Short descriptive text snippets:

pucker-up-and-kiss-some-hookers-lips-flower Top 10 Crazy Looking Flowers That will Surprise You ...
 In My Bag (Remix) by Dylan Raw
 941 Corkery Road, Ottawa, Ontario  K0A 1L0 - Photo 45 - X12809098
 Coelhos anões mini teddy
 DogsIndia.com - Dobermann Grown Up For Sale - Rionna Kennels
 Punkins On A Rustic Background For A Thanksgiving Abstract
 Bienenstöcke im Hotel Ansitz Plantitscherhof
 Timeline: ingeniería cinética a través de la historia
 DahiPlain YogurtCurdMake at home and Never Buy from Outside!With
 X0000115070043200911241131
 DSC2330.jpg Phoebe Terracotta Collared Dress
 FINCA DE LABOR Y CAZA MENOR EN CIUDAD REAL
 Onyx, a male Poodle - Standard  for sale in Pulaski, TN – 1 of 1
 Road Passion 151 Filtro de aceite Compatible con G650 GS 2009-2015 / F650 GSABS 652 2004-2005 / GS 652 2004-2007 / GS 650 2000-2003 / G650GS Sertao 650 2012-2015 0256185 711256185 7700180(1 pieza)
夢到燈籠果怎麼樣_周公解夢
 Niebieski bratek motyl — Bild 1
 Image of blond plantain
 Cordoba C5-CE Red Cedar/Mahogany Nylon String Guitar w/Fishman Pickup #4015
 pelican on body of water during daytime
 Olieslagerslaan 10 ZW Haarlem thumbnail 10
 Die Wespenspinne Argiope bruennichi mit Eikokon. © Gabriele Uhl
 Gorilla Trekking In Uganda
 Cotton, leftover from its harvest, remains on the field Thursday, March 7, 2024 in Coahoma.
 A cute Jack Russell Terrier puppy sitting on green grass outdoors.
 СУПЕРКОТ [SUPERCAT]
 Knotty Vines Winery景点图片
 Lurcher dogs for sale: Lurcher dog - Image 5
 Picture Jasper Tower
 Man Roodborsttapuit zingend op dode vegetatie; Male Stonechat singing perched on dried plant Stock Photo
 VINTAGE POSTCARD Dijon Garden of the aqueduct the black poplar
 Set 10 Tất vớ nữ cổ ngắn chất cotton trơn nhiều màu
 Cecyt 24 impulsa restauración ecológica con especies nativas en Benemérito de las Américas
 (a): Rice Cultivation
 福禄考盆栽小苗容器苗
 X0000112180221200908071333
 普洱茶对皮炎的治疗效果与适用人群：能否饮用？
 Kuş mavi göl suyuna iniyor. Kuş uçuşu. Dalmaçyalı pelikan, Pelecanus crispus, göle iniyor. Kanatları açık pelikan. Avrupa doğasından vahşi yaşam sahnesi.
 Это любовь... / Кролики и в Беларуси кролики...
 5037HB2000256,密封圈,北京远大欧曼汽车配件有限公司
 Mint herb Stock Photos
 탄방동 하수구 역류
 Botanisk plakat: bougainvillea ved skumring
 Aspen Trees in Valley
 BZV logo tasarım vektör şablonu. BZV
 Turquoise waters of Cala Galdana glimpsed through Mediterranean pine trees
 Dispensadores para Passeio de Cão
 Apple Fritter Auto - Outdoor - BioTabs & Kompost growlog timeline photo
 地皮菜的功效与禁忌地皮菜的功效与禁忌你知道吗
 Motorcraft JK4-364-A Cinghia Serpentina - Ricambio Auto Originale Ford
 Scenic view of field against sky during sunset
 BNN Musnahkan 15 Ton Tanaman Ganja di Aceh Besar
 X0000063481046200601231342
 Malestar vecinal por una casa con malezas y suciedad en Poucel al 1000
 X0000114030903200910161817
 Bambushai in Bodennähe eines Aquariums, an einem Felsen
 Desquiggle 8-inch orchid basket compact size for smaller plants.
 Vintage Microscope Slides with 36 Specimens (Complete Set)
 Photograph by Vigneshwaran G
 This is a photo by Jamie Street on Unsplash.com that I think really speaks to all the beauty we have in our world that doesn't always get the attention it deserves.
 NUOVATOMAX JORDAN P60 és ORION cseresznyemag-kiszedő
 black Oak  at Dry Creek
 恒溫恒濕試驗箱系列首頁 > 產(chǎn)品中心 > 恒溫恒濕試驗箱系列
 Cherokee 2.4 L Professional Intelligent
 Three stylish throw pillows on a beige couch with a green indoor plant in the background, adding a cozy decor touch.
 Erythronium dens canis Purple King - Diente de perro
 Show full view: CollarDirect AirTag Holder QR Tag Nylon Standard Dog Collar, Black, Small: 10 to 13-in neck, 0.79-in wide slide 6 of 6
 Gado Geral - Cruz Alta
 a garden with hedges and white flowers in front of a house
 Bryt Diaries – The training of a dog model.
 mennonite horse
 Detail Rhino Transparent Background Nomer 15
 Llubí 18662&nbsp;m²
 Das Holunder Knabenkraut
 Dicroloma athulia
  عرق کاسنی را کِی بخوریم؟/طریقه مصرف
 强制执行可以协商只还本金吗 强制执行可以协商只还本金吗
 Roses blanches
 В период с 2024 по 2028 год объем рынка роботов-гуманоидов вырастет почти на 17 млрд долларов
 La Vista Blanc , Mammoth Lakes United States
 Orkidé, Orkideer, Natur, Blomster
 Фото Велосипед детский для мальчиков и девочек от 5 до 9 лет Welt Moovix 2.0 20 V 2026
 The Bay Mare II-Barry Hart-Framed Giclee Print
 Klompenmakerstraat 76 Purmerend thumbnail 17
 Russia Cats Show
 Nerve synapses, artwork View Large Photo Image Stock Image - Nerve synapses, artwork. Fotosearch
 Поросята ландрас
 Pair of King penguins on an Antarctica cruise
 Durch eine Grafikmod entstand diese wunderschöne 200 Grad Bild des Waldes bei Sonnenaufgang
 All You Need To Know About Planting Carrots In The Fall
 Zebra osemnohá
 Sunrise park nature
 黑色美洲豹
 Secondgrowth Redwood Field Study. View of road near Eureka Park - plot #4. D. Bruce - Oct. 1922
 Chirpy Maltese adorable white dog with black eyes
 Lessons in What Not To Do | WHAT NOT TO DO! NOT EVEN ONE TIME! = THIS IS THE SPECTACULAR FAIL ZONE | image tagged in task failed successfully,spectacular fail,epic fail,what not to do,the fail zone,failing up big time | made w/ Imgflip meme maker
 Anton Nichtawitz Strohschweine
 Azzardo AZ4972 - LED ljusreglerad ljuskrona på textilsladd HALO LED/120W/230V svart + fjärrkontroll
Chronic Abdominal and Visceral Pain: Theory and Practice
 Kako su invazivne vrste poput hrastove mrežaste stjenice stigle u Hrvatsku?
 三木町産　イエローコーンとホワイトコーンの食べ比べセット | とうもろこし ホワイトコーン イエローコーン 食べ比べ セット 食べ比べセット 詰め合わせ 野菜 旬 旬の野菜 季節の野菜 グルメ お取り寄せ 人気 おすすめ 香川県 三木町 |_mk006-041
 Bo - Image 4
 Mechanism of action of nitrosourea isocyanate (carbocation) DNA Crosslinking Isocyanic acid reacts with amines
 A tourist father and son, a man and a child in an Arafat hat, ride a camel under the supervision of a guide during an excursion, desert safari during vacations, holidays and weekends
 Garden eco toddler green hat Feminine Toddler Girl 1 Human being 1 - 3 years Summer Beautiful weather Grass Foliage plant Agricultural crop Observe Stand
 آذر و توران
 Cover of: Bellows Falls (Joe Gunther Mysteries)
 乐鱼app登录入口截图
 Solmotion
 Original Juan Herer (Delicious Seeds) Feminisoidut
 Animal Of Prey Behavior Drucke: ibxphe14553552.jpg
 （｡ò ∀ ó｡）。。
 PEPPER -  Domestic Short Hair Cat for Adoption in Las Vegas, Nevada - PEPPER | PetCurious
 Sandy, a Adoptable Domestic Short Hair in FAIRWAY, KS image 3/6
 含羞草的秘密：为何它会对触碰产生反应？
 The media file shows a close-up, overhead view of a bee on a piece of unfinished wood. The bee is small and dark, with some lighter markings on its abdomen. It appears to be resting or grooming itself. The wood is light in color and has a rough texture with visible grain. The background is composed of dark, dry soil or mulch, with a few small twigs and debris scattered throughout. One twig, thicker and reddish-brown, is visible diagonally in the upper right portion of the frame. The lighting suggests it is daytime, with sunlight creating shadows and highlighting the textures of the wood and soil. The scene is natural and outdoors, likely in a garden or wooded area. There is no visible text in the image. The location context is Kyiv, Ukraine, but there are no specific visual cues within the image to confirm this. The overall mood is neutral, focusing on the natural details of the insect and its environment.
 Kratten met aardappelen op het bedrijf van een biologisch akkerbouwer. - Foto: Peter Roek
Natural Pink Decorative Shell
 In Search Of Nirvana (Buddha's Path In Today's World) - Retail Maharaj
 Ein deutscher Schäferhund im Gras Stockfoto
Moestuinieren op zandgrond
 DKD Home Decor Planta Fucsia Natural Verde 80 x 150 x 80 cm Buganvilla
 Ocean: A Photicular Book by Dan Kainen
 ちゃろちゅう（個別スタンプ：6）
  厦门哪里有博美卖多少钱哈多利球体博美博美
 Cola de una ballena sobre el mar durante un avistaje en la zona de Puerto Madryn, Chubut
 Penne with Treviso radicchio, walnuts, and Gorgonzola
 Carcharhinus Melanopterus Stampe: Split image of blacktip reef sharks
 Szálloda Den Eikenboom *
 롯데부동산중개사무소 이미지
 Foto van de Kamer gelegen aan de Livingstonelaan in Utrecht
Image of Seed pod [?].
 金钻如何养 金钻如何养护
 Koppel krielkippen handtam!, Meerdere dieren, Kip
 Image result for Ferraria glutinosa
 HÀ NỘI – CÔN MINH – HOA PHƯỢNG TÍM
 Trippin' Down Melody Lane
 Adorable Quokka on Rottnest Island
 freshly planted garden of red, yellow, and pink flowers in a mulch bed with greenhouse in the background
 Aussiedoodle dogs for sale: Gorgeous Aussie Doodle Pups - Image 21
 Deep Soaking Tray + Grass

| WHAT TO DO |
Copy out, exactly and alone, the lines of the entries above between the ones holding "Kuş mavi göl" and "Bambushai in Bodennähe", inclusive.

| RESULT |
 Kuş mavi göl suyuna iniyor. Kuş uçuşu. Dalmaçyalı pelikan, Pelecanus crispus, göle iniyor. Kanatları açık pelikan. Avrupa doğasından vahşi yaşam sahnesi.
 Это любовь... / Кролики и в Беларуси кролики...
 5037HB2000256,密封圈,北京远大欧曼汽车配件有限公司
 Mint herb Stock Photos
 탄방동 하수구 역류
 Botanisk plakat: bougainvillea ved skumring
 Aspen Trees in Valley
 BZV logo tasarım vektör şablonu. BZV
 Turquoise waters of Cala Galdana glimpsed through Mediterranean pine trees
 Dispensadores para Passeio de Cão
 Apple Fritter Auto - Outdoor - BioTabs & Kompost growlog timeline photo
 地皮菜的功效与禁忌地皮菜的功效与禁忌你知道吗
 Motorcraft JK4-364-A Cinghia Serpentina - Ricambio Auto Originale Ford
 Scenic view of field against sky during sunset
 BNN Musnahkan 15 Ton Tanaman Ganja di Aceh Besar
 X0000063481046200601231342
 Malestar vecinal por una casa con malezas y suciedad en Poucel al 1000
 X0000114030903200910161817
 Bambushai in Bodennähe eines Aquariums, an einem Felsen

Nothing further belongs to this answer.